What all four have in common is meticulous drawing styles and abundant illustrational talent. Working with colored pencil, oil pastel, watercolor and other drawing media, they employ graphic devices (ornamental patterns, flattened imagery, linear designs, lots of white space) to narrative effect. Their drawings read like "pictures," in that they hint at stories, relationships or emotional states.
Organized by the Minnesota Artists Exhibition Program, an independent curatorial department housed at the museum, the show features work by Minnesota residents.
Down-home dreams
A gentle note of domesticity floats through the large drawings of Erika Olson Gross with their quilt patterns, toys and North Woods imagery. She deftly combines realistic pencil sketches with colorful geometric designs.

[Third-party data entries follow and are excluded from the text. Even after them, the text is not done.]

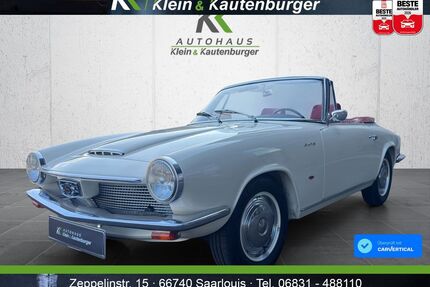  andere Andere Gebrauchtwagen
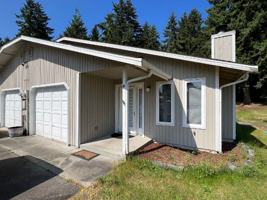 featured image of 9023 Steilacoom Rd Se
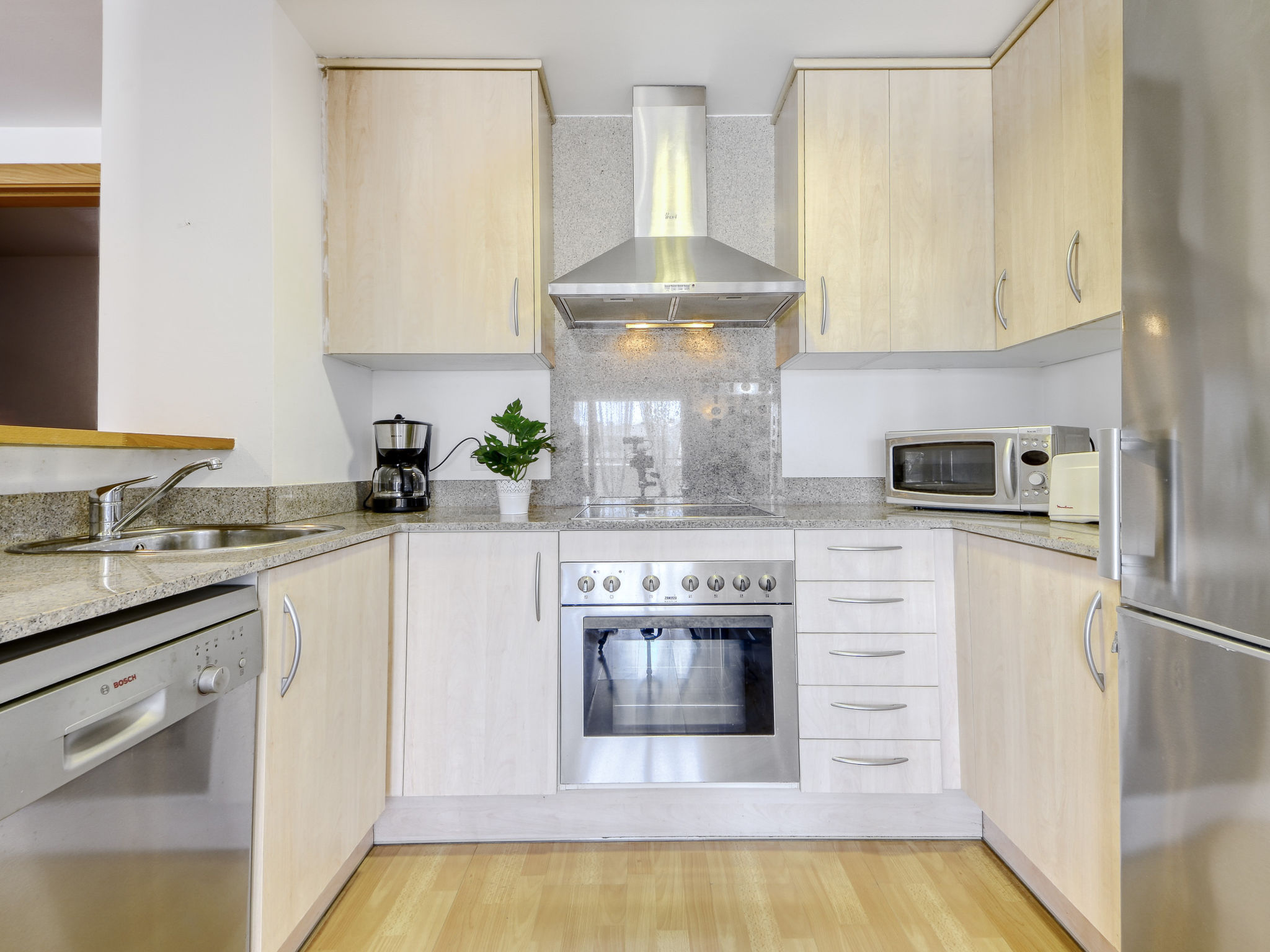 Photo of Aqua Marina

In "Dream Quilt," the heads of her two young sons appear, snuggled in sleep, at the apex of an ornamental frieze of triangles arranged in a quilt-like pattern. Simplified boats decorate another panel. Elsewhere, strings of cut-out snowflakes and teardrops hover above a wise-looking teddy bear, smiling birdhouses soar above Chinese-style waves and a circle of Scandinavian embroidery floats over a conifered shoreline. By reducing everything to its essence, her drawings gain sophistication through simplicity.